In October 1997, the presidents of six German service sector trade unions signed a general declaration on restructuring the trade union organisations in the service sector DE9710233F). Five months later, in February 1998, the six unions published a common draft for a "political platform on the restructuring of trade union representation of interests in the service sector" (Politische Plattform zur Neustrukturierung der gewerkschaftlichen Interessenvertretung im Dienstleistungsbereich) (DE9803256N).
At the beginning of July 1998, the Teachers and Science Union (Gewerkschaft Erziehung und Wissenschaft, GEW) abandoned the talks with the other unions. The decision was taken by the GEW executive board and the chairs of its 16 regional member associations at their annual meeting on 9-10 July 1998 in Dresden. The final decision is still to be taken at the general executive committee meeting on 25-26 September 1998. In 1997, GEW had 289,014 members (DE9803153F). Without GEW, a new German service sector union would still have about 3.3 million members (on current figures).

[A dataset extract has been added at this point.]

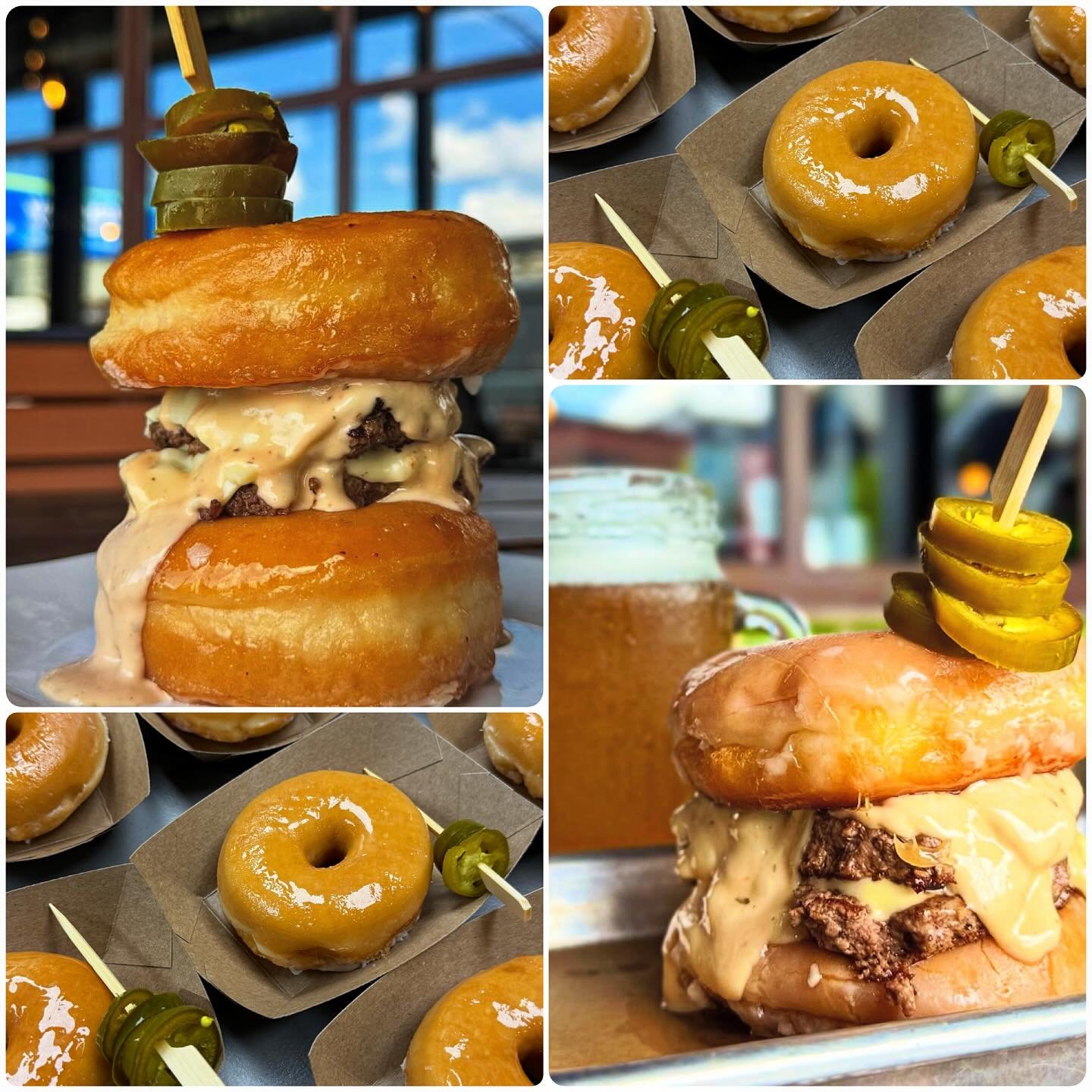Today’s your last day to try our Glaze of Glory hamburger for Lexington Burger Week! Two angus beef patties topped with double American cheese and our Bear’s secret sauce in between two glazed donuts and topped with a jalapeño skew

The reason for this change of mind is the fear among an increasing number of its officials and regional committees that GEW would lose its independence and identity within a new large service sector union. During the initial talks on the merger, GEW tried to create a mostly independent branch union (Fachgewerkschaft) within the framework of the new organisation. For a large proportion of GEW members, this did not seem realistic.
GEW announced that it would continue its close cooperation with the other DGB unions and the German White-Collar Workers' Union (Deutsche Angestellten-Gewerkschaft, DAG), especially as regards education and collective bargaining policy.